Innovation emerges from truly understanding the fit between product
and person. The understanding of real experience with a product
and its fit to a lifestyle, affords insight into product and interaction
design, feature priorities, and adoption cycles. For many years
in the software product industry, we encouraged this type of research
only in the form of early usability testing. As design and research
methods have evolved, we now hear of user experience. People working
in the field often suggest use of the more inclusive term “user
experience” instead of “usability,” or “user-centered
design.”
The notion of user experience has advanced quickly, encompassing
multiple disciplines and interests. Some authors, such as McCarthy
and Wright1, note how user experience has followed the
usability tradition. That is, we have learned from usability to
invest attention to the user’s total experience that includes
the product, but is really centered on experience. “User
experience” has arrived, survived its challenges, and is expanding
its market. Hopefully we intend to really focus on our users and
their experience, and not merely design products by adding some
user involvement.
The recently organized UX Network (www.uxnet.org)

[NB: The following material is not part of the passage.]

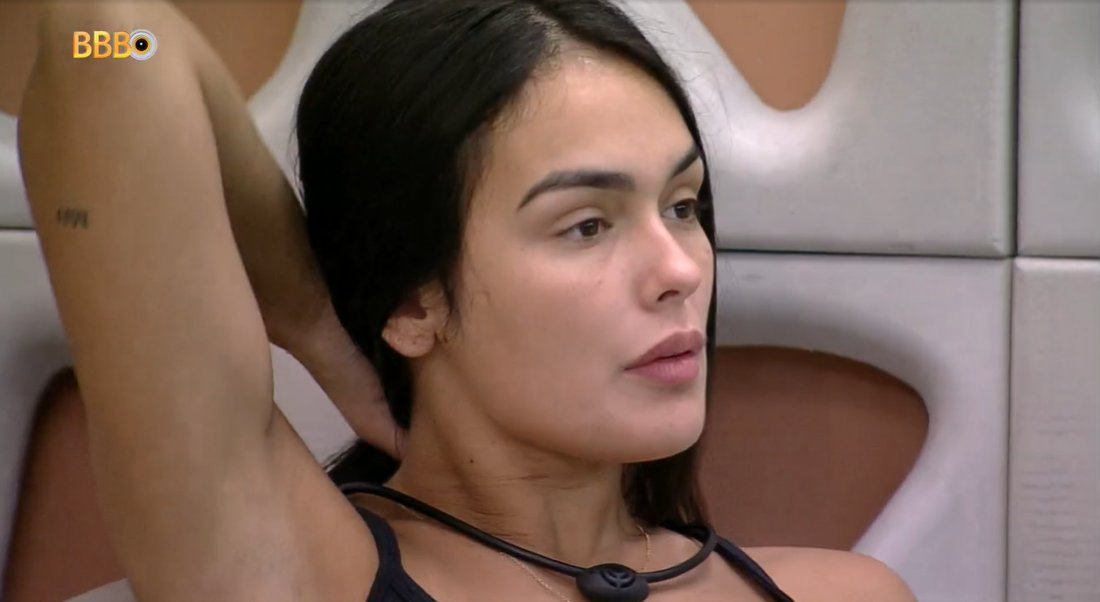centralreality's tweet photo. "Amanhã tem festa funk ostentação do Guimê, vou ter que aproveitar MUITOOOOOO." (Larissa) #BBB23 https://t.co/cahrOb2iY7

articulates a clear definition, emphasizing the umbrella function
offered by User Experience:
“User Experience (UX) is an emerging field concerned with
improving the design of anything people experience: a web site,
a toy, or a museum. UX is inherently interdisciplinary, synthesizing
methods, techniques, and wisdom from many fields, ranging from
brand design to ethnography to library science to architecture
and more.”
Design managers may take pause at this description; after all,
what is not included? I suggest we look beyond the inherent
claim of UX being a “field,” with practitioners and
degrees and skill sets. It may not be a field, with university programs
in UX, but it is a practice. From a management viewpoint, it’s
the UX perspective that counts. User experience represents
a stance toward respecting the primacy of the individual’s
experience with your products in their real world. In UX research,
the user’s interpretation matters; features and even
performance are interpreted from their perspective. Research that
explores the richness of real-world experience, rather than usability,
opens new avenues to innovation. Possibilities to enhance a person’s
experience start showing up as “missing features,” new
products, or services innovation. Psychology enhances product design.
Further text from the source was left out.